Sonuç? Basit bir yol verme tartışması, bir anda yumruklaşmaya ya da Pendik’te yaşandığı gibi bir kuryenin ağır yaralanmasına kadar varabiliyor.
Kuryeler Niye Daha Fazla Hedef Oluyor?
Kuryeler bugün paket yemek sektörünün görünmeyen kahramanları. Ama aynı zamanda trafik öfkesinin de ilk hedeflerinden biri haline geldiler. Çünkü:
-
Zaman baskısı var: “Sipariş 30 dakikada gelecek” baskısı altında trafikte risk almak zorunda kalıyorlar.
-
Görünürlükleri yüksek: Motorlarıyla sürekli sürücülerin yanından geçiyor, aynalara dokunuyor ya da en küçük manevrada dikkat çekiyorlar.
-
Empati eksikliği: Onların da işini yapmaya çalışan, evine ekmek götürmeye çalışan insanlar olduğunu çoğu zaman unutuyoruz.
Popüler Kültürün Etkisi
Bir de işin sosyal medya boyutu var. Tartışmalar artık sadece trafikte yaşanmıyor; saniyeler içinde internete düşüyor, milyonlar izliyor. “Kurye şöyledir, sürücü böyledir” diye etiketlemeler artıyor. Toplumsal öfkemiz, trafikteki öfkeyi besliyor.
Çözüm Nerede?
Belki de çözüm çok karmaşık değil.
-
Empati: Karşımızdakinin de insan olduğunu hatırlamak.
-
Zamanı kutsamamak: Bir yemeğin 5 dakika geç gelmesi kimseyi öldürmez, ama hız uğruna bir hayat kaybolabilir.
-
Kurallar + Eğitim: Trafikte öfke yönetimi eğitimi, kuryeler için adil çalışma koşulları ve caydırıcı cezalar şart.

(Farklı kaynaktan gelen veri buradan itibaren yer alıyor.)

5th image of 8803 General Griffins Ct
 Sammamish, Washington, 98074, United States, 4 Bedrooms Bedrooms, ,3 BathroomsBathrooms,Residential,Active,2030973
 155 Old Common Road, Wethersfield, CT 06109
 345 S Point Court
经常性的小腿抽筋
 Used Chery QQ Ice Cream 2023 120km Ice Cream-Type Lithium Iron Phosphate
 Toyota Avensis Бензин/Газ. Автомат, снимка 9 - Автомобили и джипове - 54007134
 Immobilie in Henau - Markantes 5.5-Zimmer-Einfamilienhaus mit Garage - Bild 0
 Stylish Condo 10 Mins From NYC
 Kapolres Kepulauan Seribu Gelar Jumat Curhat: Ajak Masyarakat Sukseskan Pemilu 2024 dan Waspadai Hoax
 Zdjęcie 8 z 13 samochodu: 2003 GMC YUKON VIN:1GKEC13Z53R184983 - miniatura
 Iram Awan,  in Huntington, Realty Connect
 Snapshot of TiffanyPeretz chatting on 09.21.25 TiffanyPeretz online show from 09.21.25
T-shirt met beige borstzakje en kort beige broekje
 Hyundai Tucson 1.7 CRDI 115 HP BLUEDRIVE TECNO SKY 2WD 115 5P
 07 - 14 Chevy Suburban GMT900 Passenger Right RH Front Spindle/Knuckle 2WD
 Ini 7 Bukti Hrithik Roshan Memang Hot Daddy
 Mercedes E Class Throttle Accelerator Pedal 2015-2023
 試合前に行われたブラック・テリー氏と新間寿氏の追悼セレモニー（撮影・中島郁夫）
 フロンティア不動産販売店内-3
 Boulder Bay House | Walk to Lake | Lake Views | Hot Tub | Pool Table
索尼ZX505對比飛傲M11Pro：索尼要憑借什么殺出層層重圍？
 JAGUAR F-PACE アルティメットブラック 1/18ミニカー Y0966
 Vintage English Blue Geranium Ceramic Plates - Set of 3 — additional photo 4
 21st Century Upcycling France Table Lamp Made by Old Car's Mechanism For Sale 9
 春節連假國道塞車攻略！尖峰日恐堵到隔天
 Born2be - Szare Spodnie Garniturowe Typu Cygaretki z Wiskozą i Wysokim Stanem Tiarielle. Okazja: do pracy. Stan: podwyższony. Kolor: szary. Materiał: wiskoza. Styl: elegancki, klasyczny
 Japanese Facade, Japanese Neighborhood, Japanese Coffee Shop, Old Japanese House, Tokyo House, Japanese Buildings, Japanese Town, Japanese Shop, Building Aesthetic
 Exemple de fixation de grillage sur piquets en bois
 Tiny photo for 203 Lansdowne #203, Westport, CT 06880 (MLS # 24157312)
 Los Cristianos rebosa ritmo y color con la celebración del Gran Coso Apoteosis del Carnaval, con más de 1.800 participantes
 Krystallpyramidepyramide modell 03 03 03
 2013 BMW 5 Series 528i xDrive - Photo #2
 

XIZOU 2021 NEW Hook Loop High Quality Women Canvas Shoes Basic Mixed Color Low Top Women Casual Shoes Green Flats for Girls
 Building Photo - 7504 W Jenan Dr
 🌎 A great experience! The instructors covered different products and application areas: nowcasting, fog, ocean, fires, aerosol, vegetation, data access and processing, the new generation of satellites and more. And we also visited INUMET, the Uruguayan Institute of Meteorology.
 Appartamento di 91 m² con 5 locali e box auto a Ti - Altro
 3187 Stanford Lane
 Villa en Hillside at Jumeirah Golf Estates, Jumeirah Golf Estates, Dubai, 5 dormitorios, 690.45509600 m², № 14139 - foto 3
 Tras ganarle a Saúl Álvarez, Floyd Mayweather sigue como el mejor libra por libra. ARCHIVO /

Bugün trafikte yaşadığımız kavgalara sadece “kurye-sürücü tartışması” olarak bakmak kolay. Ama bu olaylar aslında toplumsal bir ayna: Bizim öfke kültürümüzün aynası.
Ve unutmayalım, hepimiz aynı yolda gidiyoruz. Biraz sakinlik, biraz empati, belki de hayat kurtaracak.

1 Yorum
burak çevik
10-09-2025 08:24Yemeksepeti’nin sıkı teslimat süreleri, trafikte öfke kültürünü körüklüyor. Motorlu kuryeler zaman baskısı altında risk alıyor ve trafik kavgasına daha fazla maruz kalıyor. Bu sistem değişmezse hem kurye hem sürücüler için tehlike artacak.